Email us today -
SD Cards Explained
Friday, 23 April 2010 15:30

A secure digital (SD) memory card  is a portable flash memory chip used in devices like digital cameras, mobile phones, and audio players. The SD memory card is about the size of a postage stamp and comes in various capacities and transfer speeds. Generally speaking, the greater the capacity of the SD memory card, the faster the transfer speed.

Flash memory is the same type of memory used in memory sticks or flash drives. However, flash memory cards are formatted according to various specifications. Digital devices are designed to be compatible with one of the available card formats.

"SD" is a specific card format, based on the older Multi-Media Card (MMC) specification. The SD memory card is one of the most popular flash card formats in use today. The "Secure Digital" component of the SD memory card is a copyright protection scheme built into the chip. Content Protection for Recordable Media (CPRM) is intended to keep protected material from being excessively copied.

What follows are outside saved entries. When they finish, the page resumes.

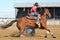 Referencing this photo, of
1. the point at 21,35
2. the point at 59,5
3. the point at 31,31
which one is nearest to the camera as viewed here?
the point at 21,35

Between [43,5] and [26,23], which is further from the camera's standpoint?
[43,5]

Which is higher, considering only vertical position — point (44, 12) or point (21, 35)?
point (44, 12)

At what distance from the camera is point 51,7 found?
169 ft

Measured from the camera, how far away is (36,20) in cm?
1705

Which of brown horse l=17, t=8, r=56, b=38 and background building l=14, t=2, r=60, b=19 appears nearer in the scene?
brown horse l=17, t=8, r=56, b=38

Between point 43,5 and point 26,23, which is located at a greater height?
point 43,5

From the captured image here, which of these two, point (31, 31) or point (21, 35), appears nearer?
point (21, 35)

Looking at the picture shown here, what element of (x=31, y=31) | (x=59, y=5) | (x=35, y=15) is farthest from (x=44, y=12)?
(x=59, y=5)

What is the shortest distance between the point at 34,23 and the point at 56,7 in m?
35.3

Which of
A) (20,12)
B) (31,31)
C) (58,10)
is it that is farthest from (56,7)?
(31,31)

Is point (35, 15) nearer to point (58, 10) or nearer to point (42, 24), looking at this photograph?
point (42, 24)

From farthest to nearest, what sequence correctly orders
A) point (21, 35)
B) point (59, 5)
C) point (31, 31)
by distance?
point (59, 5) < point (31, 31) < point (21, 35)

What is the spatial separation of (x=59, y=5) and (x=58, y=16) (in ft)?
7.58

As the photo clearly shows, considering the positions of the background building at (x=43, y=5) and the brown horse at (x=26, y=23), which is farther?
the background building at (x=43, y=5) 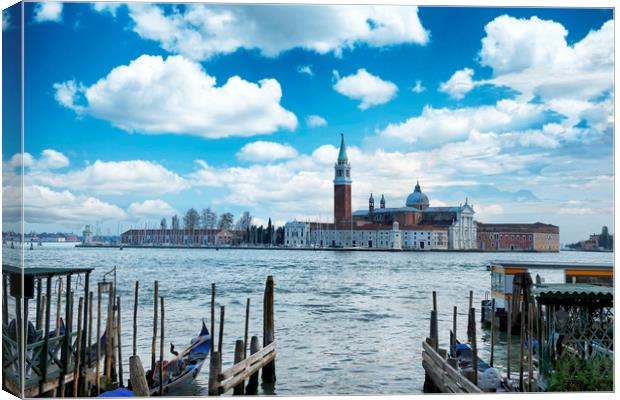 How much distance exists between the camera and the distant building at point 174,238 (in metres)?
29.9

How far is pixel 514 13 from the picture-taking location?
4.36m

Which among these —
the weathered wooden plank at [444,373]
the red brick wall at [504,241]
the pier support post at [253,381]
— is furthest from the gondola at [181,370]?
the red brick wall at [504,241]

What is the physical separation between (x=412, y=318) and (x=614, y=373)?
19.7 feet

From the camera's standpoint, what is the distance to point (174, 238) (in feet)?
108

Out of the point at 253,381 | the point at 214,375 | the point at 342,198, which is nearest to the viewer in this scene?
the point at 214,375

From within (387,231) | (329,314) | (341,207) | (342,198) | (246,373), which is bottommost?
(329,314)

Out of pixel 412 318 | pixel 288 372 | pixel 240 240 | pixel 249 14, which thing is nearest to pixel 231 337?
pixel 288 372

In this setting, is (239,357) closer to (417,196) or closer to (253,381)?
(253,381)

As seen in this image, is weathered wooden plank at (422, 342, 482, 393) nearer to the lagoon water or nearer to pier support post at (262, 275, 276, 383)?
the lagoon water

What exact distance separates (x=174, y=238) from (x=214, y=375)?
28959 millimetres

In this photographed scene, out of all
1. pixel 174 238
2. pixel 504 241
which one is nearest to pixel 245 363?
pixel 504 241

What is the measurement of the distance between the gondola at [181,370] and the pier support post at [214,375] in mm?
598

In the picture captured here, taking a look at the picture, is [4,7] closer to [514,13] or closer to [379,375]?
[514,13]

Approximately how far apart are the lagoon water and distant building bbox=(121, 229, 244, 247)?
765cm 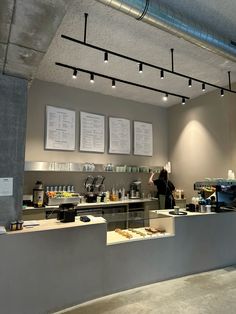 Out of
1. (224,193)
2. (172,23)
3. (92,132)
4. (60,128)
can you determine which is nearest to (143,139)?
(92,132)

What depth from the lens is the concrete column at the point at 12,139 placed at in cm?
237

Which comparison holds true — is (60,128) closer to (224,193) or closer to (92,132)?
(92,132)

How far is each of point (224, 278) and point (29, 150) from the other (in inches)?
158

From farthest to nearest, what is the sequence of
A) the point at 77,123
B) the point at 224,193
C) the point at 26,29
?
the point at 77,123
the point at 224,193
the point at 26,29

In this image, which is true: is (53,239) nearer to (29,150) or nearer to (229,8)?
(29,150)

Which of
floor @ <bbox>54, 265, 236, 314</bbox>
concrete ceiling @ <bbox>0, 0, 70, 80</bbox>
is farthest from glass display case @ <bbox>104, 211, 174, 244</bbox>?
concrete ceiling @ <bbox>0, 0, 70, 80</bbox>

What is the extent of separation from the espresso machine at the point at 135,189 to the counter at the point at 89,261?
2.31 meters

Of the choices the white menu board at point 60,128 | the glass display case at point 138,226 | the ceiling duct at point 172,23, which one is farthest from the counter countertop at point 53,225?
the white menu board at point 60,128

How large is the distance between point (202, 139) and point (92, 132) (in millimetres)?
2587

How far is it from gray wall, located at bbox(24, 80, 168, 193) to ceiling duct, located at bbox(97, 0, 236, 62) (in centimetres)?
306

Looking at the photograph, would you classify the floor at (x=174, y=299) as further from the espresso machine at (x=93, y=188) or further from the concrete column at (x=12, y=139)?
the espresso machine at (x=93, y=188)

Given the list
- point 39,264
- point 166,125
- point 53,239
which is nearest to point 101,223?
point 53,239

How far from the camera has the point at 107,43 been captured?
3.33m

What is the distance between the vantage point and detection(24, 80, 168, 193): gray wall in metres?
4.64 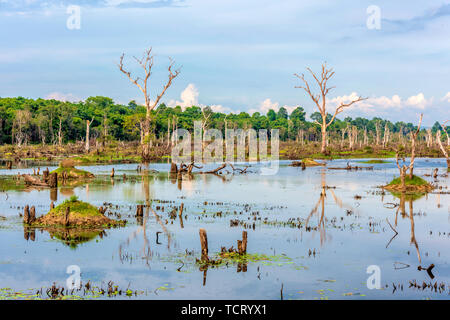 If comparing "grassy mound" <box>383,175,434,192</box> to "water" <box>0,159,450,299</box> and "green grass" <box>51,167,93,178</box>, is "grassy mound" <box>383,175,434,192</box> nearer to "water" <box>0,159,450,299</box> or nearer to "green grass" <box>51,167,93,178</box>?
"water" <box>0,159,450,299</box>

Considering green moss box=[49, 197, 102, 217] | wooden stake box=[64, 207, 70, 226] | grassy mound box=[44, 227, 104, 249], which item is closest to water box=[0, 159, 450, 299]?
grassy mound box=[44, 227, 104, 249]

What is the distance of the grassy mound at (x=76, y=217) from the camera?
2117 cm

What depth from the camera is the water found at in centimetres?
1397

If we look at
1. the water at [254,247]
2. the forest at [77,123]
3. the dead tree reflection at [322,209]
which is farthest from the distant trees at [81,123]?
the water at [254,247]

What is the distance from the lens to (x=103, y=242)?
18734 mm

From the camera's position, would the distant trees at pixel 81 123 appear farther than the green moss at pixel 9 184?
Yes

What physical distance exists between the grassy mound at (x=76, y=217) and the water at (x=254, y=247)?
0.98 meters

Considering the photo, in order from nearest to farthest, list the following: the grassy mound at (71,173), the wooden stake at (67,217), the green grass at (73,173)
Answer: the wooden stake at (67,217)
the grassy mound at (71,173)
the green grass at (73,173)

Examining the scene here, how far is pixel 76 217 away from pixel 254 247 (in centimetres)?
796

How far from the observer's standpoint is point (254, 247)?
59.9 ft

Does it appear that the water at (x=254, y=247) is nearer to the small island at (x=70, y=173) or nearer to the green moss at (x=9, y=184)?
the green moss at (x=9, y=184)

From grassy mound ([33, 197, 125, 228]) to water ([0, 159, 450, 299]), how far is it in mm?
980

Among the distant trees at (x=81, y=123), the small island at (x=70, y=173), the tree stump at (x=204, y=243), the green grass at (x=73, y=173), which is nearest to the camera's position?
the tree stump at (x=204, y=243)

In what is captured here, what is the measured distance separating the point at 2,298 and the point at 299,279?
8043 mm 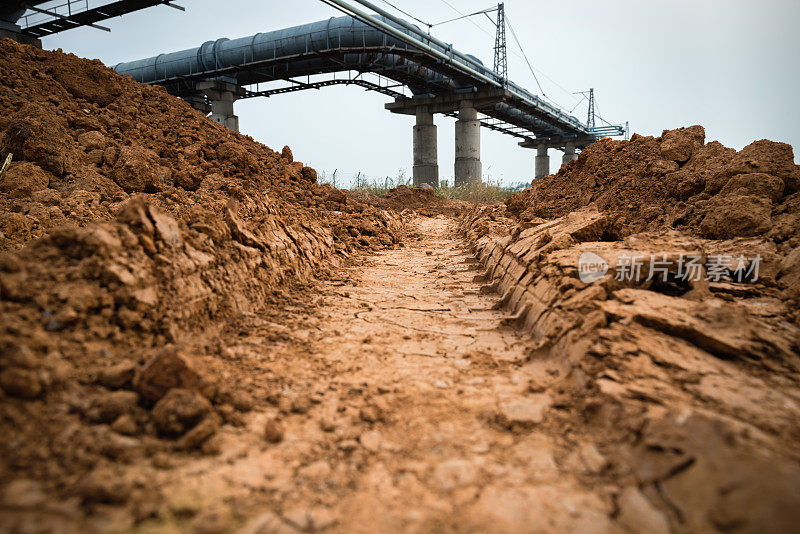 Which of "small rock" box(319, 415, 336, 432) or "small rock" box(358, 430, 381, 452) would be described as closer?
"small rock" box(358, 430, 381, 452)

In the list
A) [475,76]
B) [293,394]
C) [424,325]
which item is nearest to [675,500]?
[293,394]

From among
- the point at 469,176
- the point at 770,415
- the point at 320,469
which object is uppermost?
the point at 469,176

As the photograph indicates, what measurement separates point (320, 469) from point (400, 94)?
56.5ft

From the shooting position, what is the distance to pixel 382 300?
3.88 metres

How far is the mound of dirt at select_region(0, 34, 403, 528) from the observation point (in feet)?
5.06

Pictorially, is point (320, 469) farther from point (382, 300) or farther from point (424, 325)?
point (382, 300) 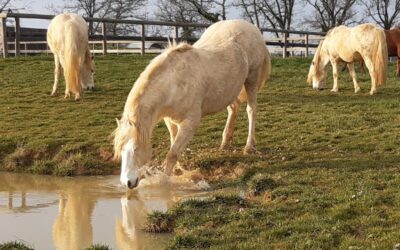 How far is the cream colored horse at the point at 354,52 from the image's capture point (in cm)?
1320

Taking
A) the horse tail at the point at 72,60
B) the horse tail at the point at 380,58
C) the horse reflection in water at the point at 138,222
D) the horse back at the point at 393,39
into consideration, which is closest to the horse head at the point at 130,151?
the horse reflection in water at the point at 138,222

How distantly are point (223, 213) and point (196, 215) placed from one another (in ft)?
0.82

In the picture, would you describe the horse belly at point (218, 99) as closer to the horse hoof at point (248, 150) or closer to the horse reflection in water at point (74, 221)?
the horse hoof at point (248, 150)

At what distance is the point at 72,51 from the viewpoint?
1265cm

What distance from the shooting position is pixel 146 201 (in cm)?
636

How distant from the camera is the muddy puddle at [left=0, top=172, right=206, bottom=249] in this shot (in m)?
5.05

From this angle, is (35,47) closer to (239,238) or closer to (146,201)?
(146,201)

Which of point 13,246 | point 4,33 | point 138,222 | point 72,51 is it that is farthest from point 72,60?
point 13,246

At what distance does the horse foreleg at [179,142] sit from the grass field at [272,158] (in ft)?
2.01

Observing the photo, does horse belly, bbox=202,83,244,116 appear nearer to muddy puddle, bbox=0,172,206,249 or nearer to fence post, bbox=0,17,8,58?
muddy puddle, bbox=0,172,206,249

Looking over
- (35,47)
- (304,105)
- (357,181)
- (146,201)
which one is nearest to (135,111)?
(146,201)

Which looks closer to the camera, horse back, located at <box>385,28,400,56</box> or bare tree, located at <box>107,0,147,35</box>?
horse back, located at <box>385,28,400,56</box>

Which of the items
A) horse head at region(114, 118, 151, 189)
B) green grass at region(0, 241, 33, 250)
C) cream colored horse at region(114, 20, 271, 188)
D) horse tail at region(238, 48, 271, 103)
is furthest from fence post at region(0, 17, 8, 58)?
green grass at region(0, 241, 33, 250)

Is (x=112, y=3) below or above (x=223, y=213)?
above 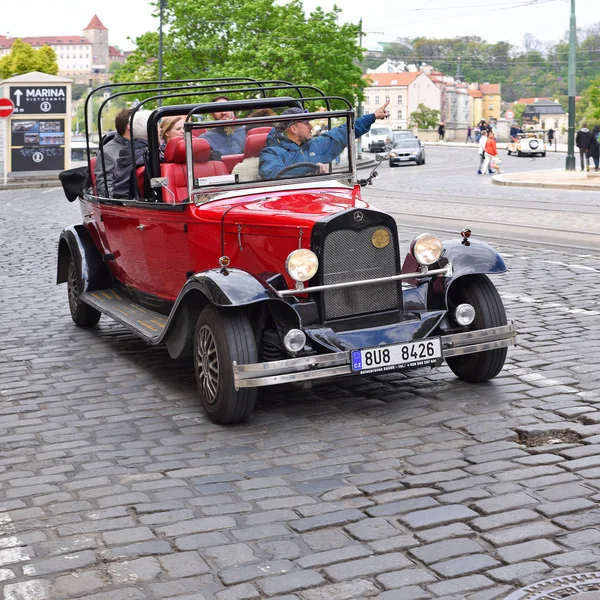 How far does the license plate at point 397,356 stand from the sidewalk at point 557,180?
22.4 metres

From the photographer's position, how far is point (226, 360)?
6.20 m

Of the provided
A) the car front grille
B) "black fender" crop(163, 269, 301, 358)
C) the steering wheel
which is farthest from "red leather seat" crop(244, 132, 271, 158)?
the car front grille

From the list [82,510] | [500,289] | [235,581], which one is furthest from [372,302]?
[500,289]

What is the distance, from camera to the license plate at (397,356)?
6.34 metres

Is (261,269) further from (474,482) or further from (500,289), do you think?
(500,289)

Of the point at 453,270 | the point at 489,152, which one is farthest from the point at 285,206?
the point at 489,152

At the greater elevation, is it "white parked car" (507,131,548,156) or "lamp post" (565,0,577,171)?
"lamp post" (565,0,577,171)

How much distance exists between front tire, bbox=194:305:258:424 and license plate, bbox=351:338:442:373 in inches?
24.2

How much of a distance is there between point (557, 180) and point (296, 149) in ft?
79.4

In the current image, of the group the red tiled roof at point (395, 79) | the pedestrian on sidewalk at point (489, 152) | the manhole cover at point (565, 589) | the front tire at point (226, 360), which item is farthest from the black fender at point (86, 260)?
the red tiled roof at point (395, 79)

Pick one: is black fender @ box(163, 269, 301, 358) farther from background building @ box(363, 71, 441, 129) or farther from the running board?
background building @ box(363, 71, 441, 129)

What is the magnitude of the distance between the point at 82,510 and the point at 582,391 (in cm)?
332

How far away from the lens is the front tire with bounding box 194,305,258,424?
620 centimetres

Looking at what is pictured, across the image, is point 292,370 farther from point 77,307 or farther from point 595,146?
point 595,146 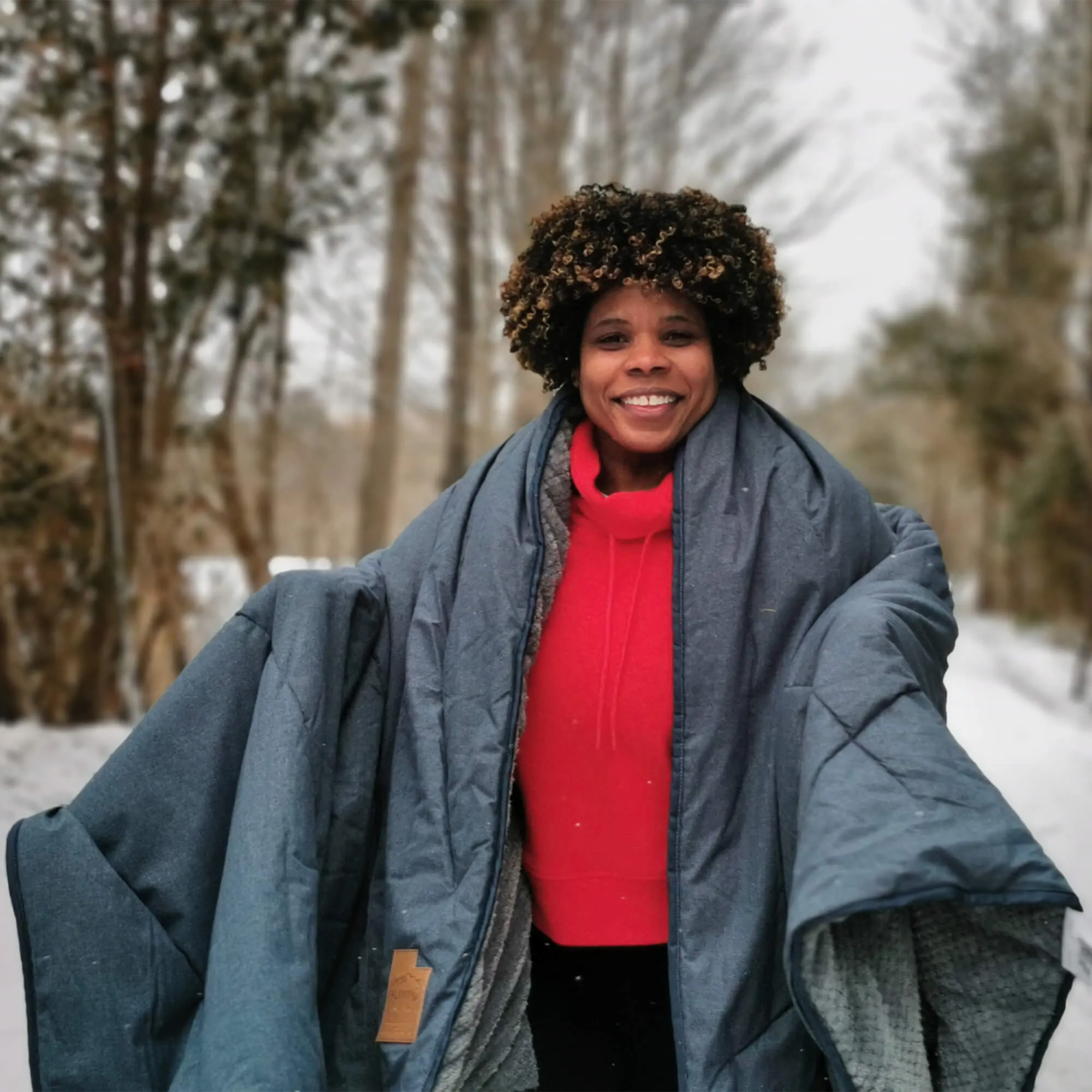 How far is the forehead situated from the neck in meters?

The SD memory card is a great way to store and transfer images, music, video and other data from a portable device to a PC.or anyother portable device with and SD slot ,

Most computers now have a card reader built into the system, or an inexpensive external card reader can be purchased. Since there are many different types of flash memory cards, be sure the card reader is made for the SD memory card, or capable of reading various formats of card  Aside from the standard SD memory card, there are also miniSD and micro SD cards. These cards are much smaller and not compatible with standard SD memory card slots.

The SD memory card might have a protective lock-switch at the top left. Sliding the switch into an open position allows the SD memory card to be written to or read. Sliding the switch closed allows reading only. This protects data from accidental overwrite.

SD memory cards come in various capacities, from 1GB to 32 GB. Usually, a digital device is only designed to use cards up to a maximum capacity as stated by the manufacturer. A dated MP3 player, for example, might only be designed to use cards up to 2GB. In this case, a 8GB SD memory card will be unusable in the device, though any cards lower than the maximum capacity are fine.

When it comes to storing music or images, some people prefer to buy several smaller capacity SD memory cards in order to organize their library of data. It may be easier to locate songs or images you want by labeling several smaller cards. Others prefer getting the highest capacity card the device will support, to keep everything on one SD memory card. If this is preferred, it is wise to backup the card to the PC in case it the card is lost or damaged.